Logan Paul is set to auction the $5.3 million Pokémon card he bought in 2022 and flaunted at competitions, a trophy he touted as the rarest of the rare — and fans are furious.
Logan Paul is back in the spotlight over that ultra-rare Pokemon card he likes to flash around. He just agreed to auction it off on TV, and the internet promptly melted down over who actually owns the card and whether it deserves its minty PSA-10 grade. The story is messy, a little wild, and full of details that will make your head tilt.

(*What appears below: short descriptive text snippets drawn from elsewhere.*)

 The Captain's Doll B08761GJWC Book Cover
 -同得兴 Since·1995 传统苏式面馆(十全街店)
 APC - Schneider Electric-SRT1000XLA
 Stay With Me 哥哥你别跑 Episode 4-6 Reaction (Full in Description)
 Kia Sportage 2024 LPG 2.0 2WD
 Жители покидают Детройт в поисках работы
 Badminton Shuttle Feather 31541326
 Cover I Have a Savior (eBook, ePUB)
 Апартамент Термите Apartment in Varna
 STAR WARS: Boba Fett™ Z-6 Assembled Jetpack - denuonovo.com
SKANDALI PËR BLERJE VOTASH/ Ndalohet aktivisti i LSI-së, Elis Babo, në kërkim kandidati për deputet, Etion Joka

The card, the show, and the big payday he’s chasing
The card in question is Paul’s PSA-graded 10 Pikachu Illustrator — currently the only one with that grade. He paid $5.3 million for it back in 2022 and famously wore it around his neck during competitions, calling it the rarest of the rare and his personal 'Holy Grail.'
On season 3 of Netflix’s King of Collectibles, Paul shook on a deal with Ken Goldin to send the card to auction. The episode shows Paul leaving with $2.5 million after agreeing to auction it on Goldin’s platform. The plan is to put it on the block in early 2026, with Paul estimating it could hammer anywhere between $7 million and $12 million.

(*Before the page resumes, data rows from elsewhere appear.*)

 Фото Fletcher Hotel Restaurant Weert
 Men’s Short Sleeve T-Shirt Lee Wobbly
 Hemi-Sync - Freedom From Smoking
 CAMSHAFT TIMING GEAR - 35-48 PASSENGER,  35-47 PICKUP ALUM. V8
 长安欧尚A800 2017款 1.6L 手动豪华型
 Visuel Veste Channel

So why are fans mad? Short answer: ownership and grading
Two fires got lit at once. First, critics say Paul already sold this card once when he fractionalized it on a platform called Liquid Marketplace. Second, they don’t buy the card’s PSA-10 regrade. Let’s break the timeline down quickly.
- April 5, 2022: Paul announces he co-founded and owns Liquid Marketplace, which let users buy tokens that represented slices of high-end collectibles — including his Pikachu Illustrator.
- 2022: He buys the Illustrator card for $5.3 million and lists it on Liquid as a fractional asset. Fans say that means he effectively sold portions of it to users.
- May 2024: Paul says he executed a buyout under Liquid’s terms, paying the required amount to secure the card outright, with fractional holders supposed to receive their percentage payouts.
- Dec 23, 2025: Paul appears on Fox News’ The Big Money Show and says he’s sending the card to auction in February, touting Pokemon as a strong asset class.
- Dec 24, 2025: He posts a long update telling Liquid users he did the buyout in 2024 and that payout delays are on the platform, not him, citing regulatory scrutiny of the company and operational issues that have locked users out of accounts and funds.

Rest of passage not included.